Chief Marketing Officer – Vancouver
This candidate personifies the “modern CMO”. Their work in vendor, agency and in-store roles gives them a unique perspective in acting as an enterprise-wide revenue driver. It enables them to tap into the hearts and minds of customers across all channels. Self-employed, they provide Customer Experience (CX) consulting, helping retailers build and connect digital and physical consumer touchpoints. Their clients include Canadian and US-based retailers seeking a scientific and empathetic approach to the Customer Experience. Their key value stems from their rich 20+ years in digital, retail, and retail technology, working for innovative retail, grocery and food service startups and established, national big-box retailers. Their entrepreneurial spirit and their courage in pushing boundaries, innovating, taking calculated risks and constantly recalibrating is enabled by both a data driven mindset, and a creative spark.
VP Digital and Direct Marketing - Toronto
This stellar candidate has a passion for smart, creative, customer-centric marketing campaigns that maximize brand loyalty. They’re a seasoned CRM, loyalty and digital marketing professional with over 15 years of loyalty program and communications experience. In agency, they’ve developed hundreds of cohesive communications programs for Fortune 500 brands, including retail and food service organizations. They’ve developed and launched reward programs and mobile shopping apps, designed numerous experiential programs to augment member advocacy, and implemented hundreds of innovative direct marketing campaigns that drove traffic, sales and loyalty. As a trusted marketing quarterback with the proven ability to motivate and galvanize cross functional teams to reach common goals, and as an idea generator valued for both analytical skills and creative thinking, they’re an asset to any organization.
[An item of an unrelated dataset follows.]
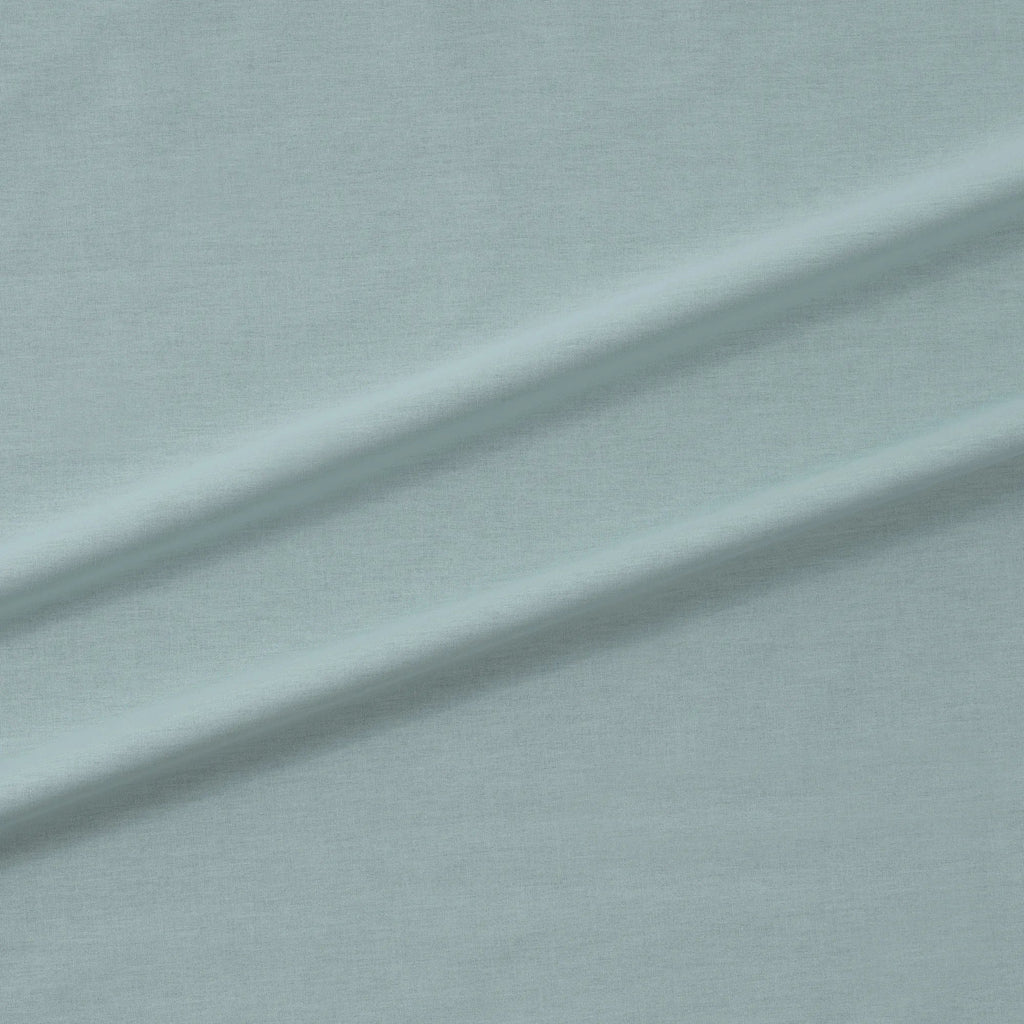 100% bavlna AB Renforcé povlečení - mátová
Chief Marketing Officer - Calgary
Any conversation with this candidate about the Canadian retail landscape will quickly reveal how intelligent, insightful, knowledgeable and grounded they are. With a history of building brands for successful Canadian retailers in apparel, liquor and cannabis, they play at the intersection where operations and merchandising meets marketing. Their track record demonstrates the meaningful impact they’ve had on activities across the retail enterprise. Working collaboratively with executive teams and senior merchants, they have a thorough and rigorous approach balancing “facts and feelings” (customer and market data with creative insight and intuition) to define and articulate brand vision and strategy. A self described “builder”, they’ve developed marketing departments from the ground up, and would be ideal for any company looking to bridge their business and creative strategies to activate all customer-facing touch points and accelerate sales.
VP, Digital Marketing and Analytics – Toronto
As VP Marketing for one of North America’s fastest growing fast casual dining chains, this innovative digital marketing strategist has proven they can deliver best-in-class omnichannel experiences (website, social, paid, ecommerce, app) and grow top line sales. They’ve developed the strategy and managed the digital ecosystem for 400+ locations in both corporate and franchise settings. They’re innately analytical, basing their approach to business on data and facts. They also understand the validity of the human experience and often use it to amplify accumulated data. In their current role they helped develop and drive the brand’s regional analytics data strategy, including data capture and enhancement, to enable world-class analytics and CRM operations. With an empathetic and humble approach to business, this candidate understands that building the right team is critical to a company’s success and is a high-energy leader who does not settle for the status quo. They operate best in a corporate culture that values honesty, integrity, and transparency. And they deliver results.